Surprising as it is, yes, apparently there are.   Thanks!



Big Mike said:


> Way to go John, you deserve it.


Thanks Mike!



julianliu said:


> Congratulations, John!
> Now it's time to grab some beers to celebrate!


You think I waited?   Thanks!


----------



## kdthomas

Congratulations, you totally earned it with that photo.


----------



## zombiesniper

That's awesome.


----------



## tirediron

kdthomas said:


> Congratulations, you totally earned it with that photo.


Thanks!


zombiesniper said:


> That's awesome.


Thanks Alec!


----------



## DanOstergren

Congrats!


----------



## runnah

Good work sir.


----------



## tirediron

Thanks Dan, Runnah!


----------



## spacefuzz

Very cool congrats!


----------



## knswee

Congrats, must have been suprise  to see that.

ken


----------



## twocolor

So well deserved!  Congratulations!


----------



## tirediron

spacefuzz said:


> Very cool congrats!


Thanks!



knswee said:


> Congrats, must have been suprise  to see that.
> 
> ken


 Fortunately not; the editors discussed it all with me in advance, properly and professionally, but it was still cool to actually see the magazine in-hand!



twocolor said:


> So well deserved!  Congratulations!


 Thanks TC!


----------



## hopdaddy

Sending My Congrats ,as well !


----------



## NancyMoranG

How did I miss this post? Wow, very neat, congrats!


----------



## tirediron

hopdaddy said:


> Sending My Congrats ,as well !


Thanks!


NancyMoranG said:


> How did I miss this post? Wow, very neat, congrats!


Thanks Nancy!


----------



## rexbobcat

Congrats!

Are bagpipes traditional to the Canadian military? The American military uses bugles,  trumpets and drums. Just curious.


----------



## tirediron

rexbobcat said:


> Congrats!
> 
> Are bagpipes traditional to the Canadian military? The American military uses bugles,  trumpets and drums. Just curious.

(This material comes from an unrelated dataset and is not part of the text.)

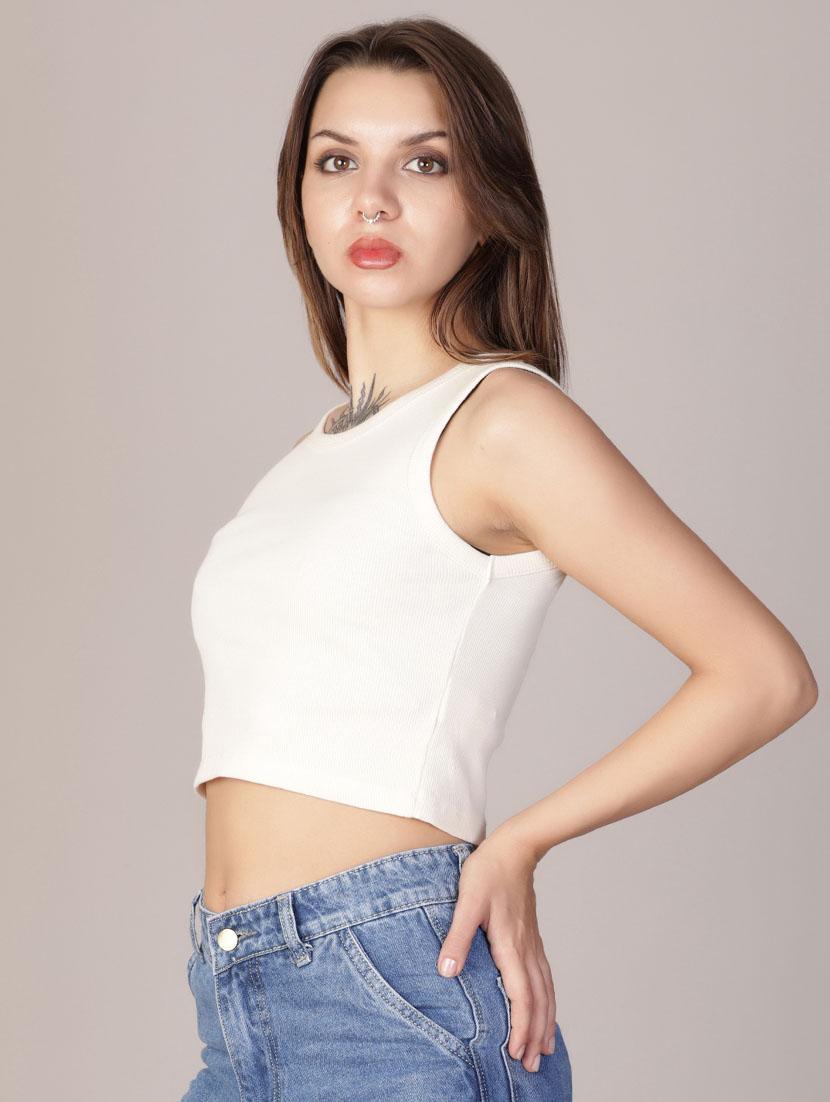 women solid sleeveless crop top - 21923807 - Zoom Image - 0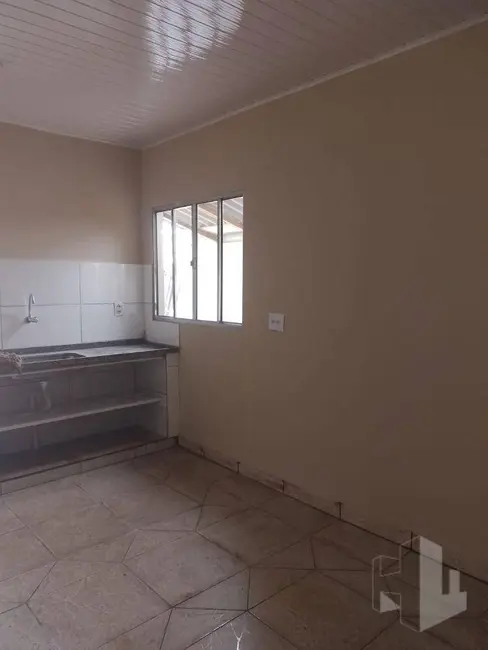 Foto 6 de Casa com 2 quartos para alugar, 234m2 em Jardim Pires de Campos, Jau - SP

 Thanks Rex - yes, Canada has a long tradition of affilitation with the Scots, and we maintain several Highland reginments.


----------



## nhilcissistic

That's amazing!

I think I've made the right decision to join this forum then! I'll work on my photography skills and maybe one day, sooner or later, someone will notice me from this site and help me be big. (hah! I wish!)

Congrats!


----------



## tirediron

nhilcissistic said:


> That's amazing!
> 
> I think I've made the right decision to join this forum then! I'll work on my photography skills and maybe one day, sooner or later, someone will notice me from this site and help me be big. (hah! I wish!)
> 
> Congrats!


Thanks!


----------



## jcdeboever

Awesome

Sent from my XT1254 using Tapatalk


----------



## George Griffeth

Jeez that's awesome, how long have you been shooting "professionally" (gotten published) ?


----------



## Watchful

Nice, the first published work is always a big step. Well done.


----------



## sashbar

Well deserved, congrats!


----------